The Court observed that The words of Section 4(1) of the Probation of Offenders Act are wide and would evidently include offences under the customs Act and the Gold Control Rules. The Probation of Offenders Act is a reformative measure, and its object is to reclaim amateur Offenders who, if spared the indignity of incarceration, can be usefully rehabilitated in society”

In the case of Jugal Kishore Prasad Vs. State of Bihar[3] the Court observed that the object of the Act is to prevent youngsters from developing a criminal nature because their association with known criminals in jails. The Court opined that the modern criminal jurisprudence relies upon the reformation of criminals rather than the retributive justice.

First Offenders

Volume III Chapter 21 of the Delhi High Court Rules deals with the legal treatment of first time offenders. It says that persons with no previous conviction history may be released on probation of good conduct by the Magistrates after taking in to consideration of his age, character, nature of the offence etc.

The Court must ensure that the offender or his surety has a fixed place of abode. However, this shall not be applied to the offences under the Excise Act or Opium Act.

Juvenile Justice (Care and Protection of Children) Act, 2015

Juvenile Offenders or children in conflict with law cannot be tried along with adults. This is against the right to have a good childhood and decent upbringing. Children are presumed to be innocent. And they deserve a better treatment from the State as well as society. Even though people have been regularly misusing the provisions of this law, it is still relevant and necessary.

The Act deals with:

  • Apprehension, detention, prosecution, penalty or imprisonment, rehabilitation and social re-integration of children in conflict with law,
  • Procedures, decisions or orders relating to rehabilitation, adoption, re-integration, and restoration of children in need of care and protection.

Section 2(13) of the Act defines the “child in conflict with law”. A child in conflict with law is a person who is alleged or found to have committed an offence but has not completed eighteen years of age on the date of commission of offence.

As per Section 10 of the Act, when a child in conflict with law is apprehended by police, such juvenile must be placed under the charge of special juvenile police unit or child welfare police officer. Such a child must not be placed in a lockup or jail under any circumstances.

Further, the apprehended juvenile must be produced before the concerned Juvenile Justice Board within 24 years.

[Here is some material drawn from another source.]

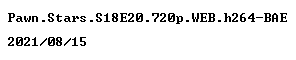 nfo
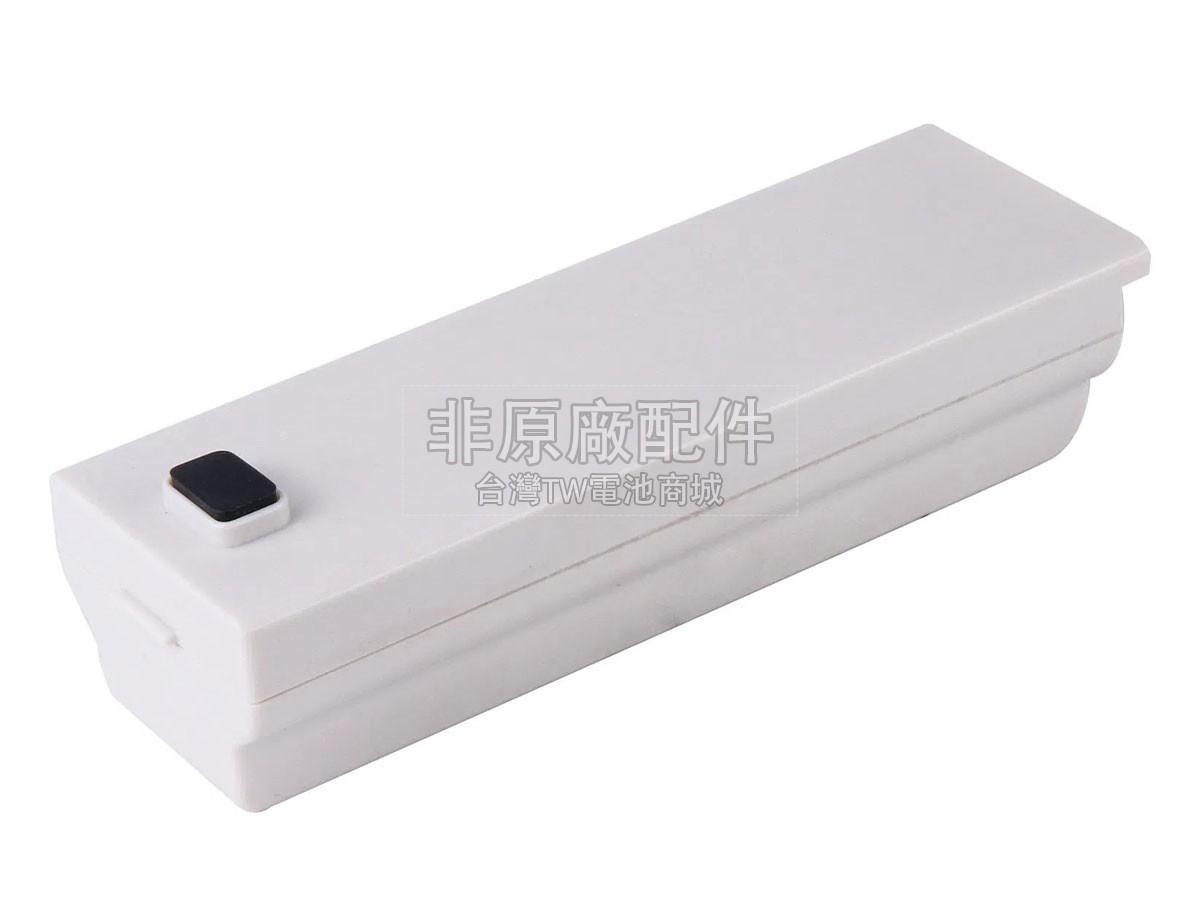Mindray M5副廠電池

As per Section 4(1) of the Act, there must be a Juvenile Justice Board in every district. And the Board shall consist of three members in which, one of the members will be the Principal Magistrate (either Metropolitan Magistrate or Judicial Magistrate of First Class) and two social workers (one of such member shall be a woman).

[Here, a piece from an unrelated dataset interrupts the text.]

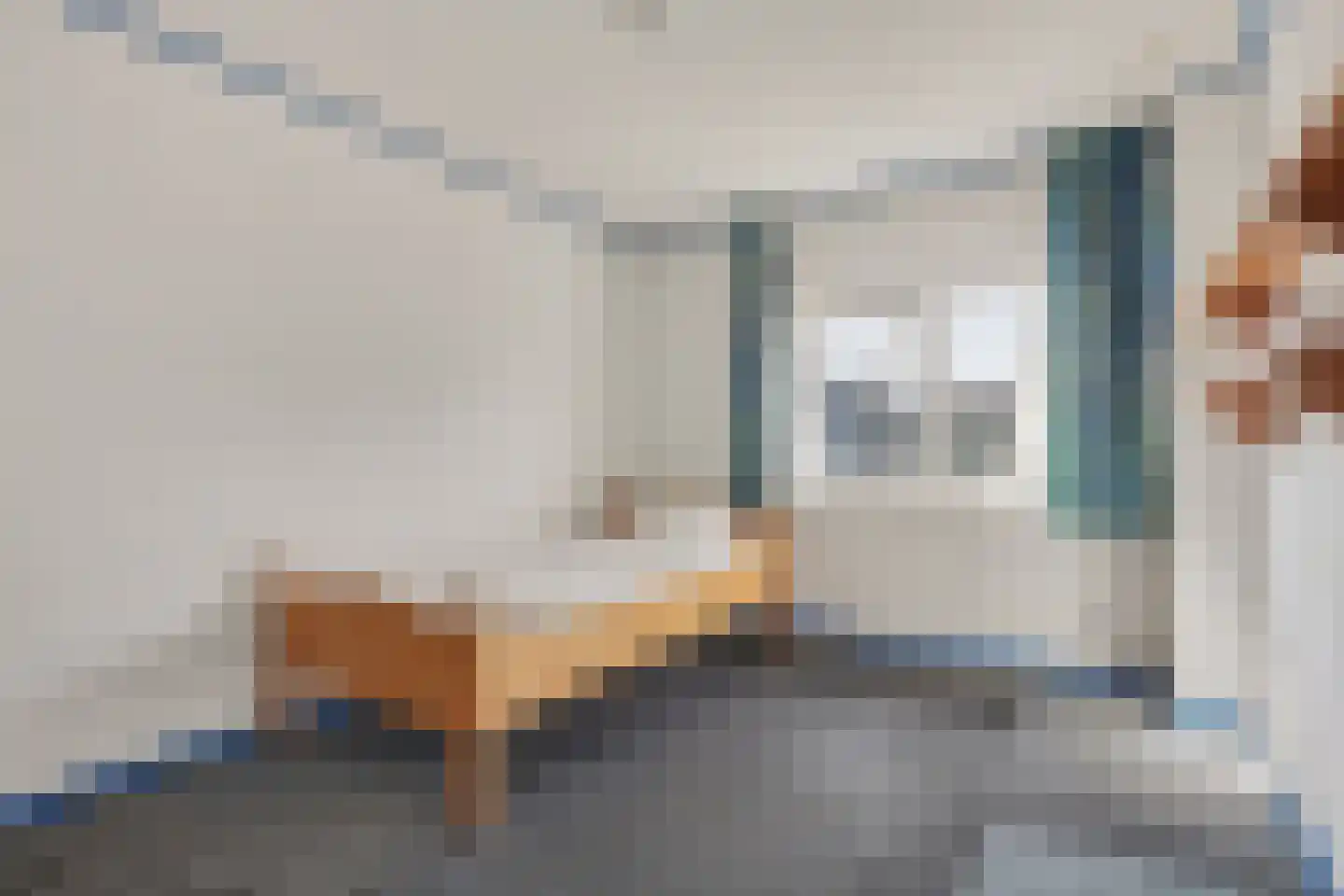 Kreilstraat 1 Winterswijk thumbnail 39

When the Board is not in sitting, the child in conflict with law must be produced before an individual member. The person who oversees the juvenile will continue to have the responsibility including the maintenance of such child while the order is in force. Such a child can be left in the charge of parents or any other person only when the Board allows the same.

As per Section 12 of the Act, when a juvenile is alleged to have committed an offence (whether bailable or non-bailable) and is produced before the Board, he shall be released on bail, with or without sureties or shall be placed under the care of a Probation Officer or any other competent person.

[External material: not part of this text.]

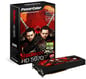 PowerColor Radeon HD5970 2GB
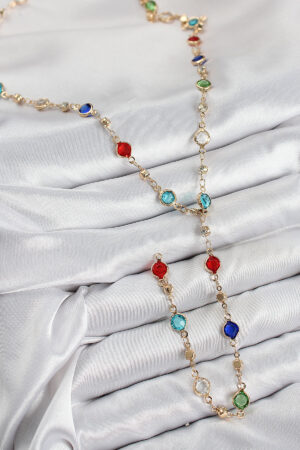 1753948144_BKO10434-1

Such a person may not be released if the Board has reasonable grounds to believe that such a release may expose the child to any association with a known criminal or may pose threat to his physical and psychological well-being or would defeat the ends of justice.

When bail is denied to a person under the Act, he may be placed in the observation home. When a child is unable to fulfil the conditions in the bail within seven days of the order, he may be produced before the Board for the modification of bail conditions.

An inquiry against a child can be done as per the procedure prescribed under the Act and such an inquiry shall be completed within four months. The period may be extended for two months provided that Board shall record its reasons for delay.

Section 2(33) of the Act defines heinous offence. They are offences which are punishable with an imprisonment for a term of seven years or more.

And Section 2(53) of the Act defines serious offences. They are offences which are punishable with an imprisonment of three years to seven years.

Petty offences shall be tried by the Board through summary procedure as set out in the Code of Criminal Procedure.

Serious offences shall be tried in the manner of a summons case. If the offence is a heinous offence and committed by a child below sixteen years of age, then it shall be tried as per the procedure in a summons case. But if a heinous crime is committed by a person above sixteen years age, then a preliminary assessment shall be done by the Board.

The preliminary assessment is an assessment to evaluate the mental and physical capacity of the juvenile to commit such crime, ability to understand the consequences of such crime and circumstances which led to the commission of such crime.

After the preliminary assessment, the Board may either dispose the case itself or may refer such matter to a Children’s Court having jurisdiction, if the Board thinks that such juvenile shall be tried as an adult.

The Children’s Court after analysing the preliminary assessment submitted by the Board may either try such juvenile as an adult as per the provisions of Code of Criminal Procedure or may refer the matter back to the Board for disposal.

However, if the Court decides to try the juvenile as an adult, it shall take note of Section 21 of the Act.

Section 21 mandates that, a child in conflict with law shall not be punished with death or imprisonment for life. The Court shall ensure that the final order shall include an individual care plan for the rehabilitation of child, including a follow up by the Probation Officer or the District Child Protection Unit or a social worker.

The child in conflict with law shall be sent to a place of safety where he shall stay until he reaches the age of twenty years and thereafter, he shall be transferred to jail. Vocational training, education, counselling etc shall be provided to the child during his stay in the place.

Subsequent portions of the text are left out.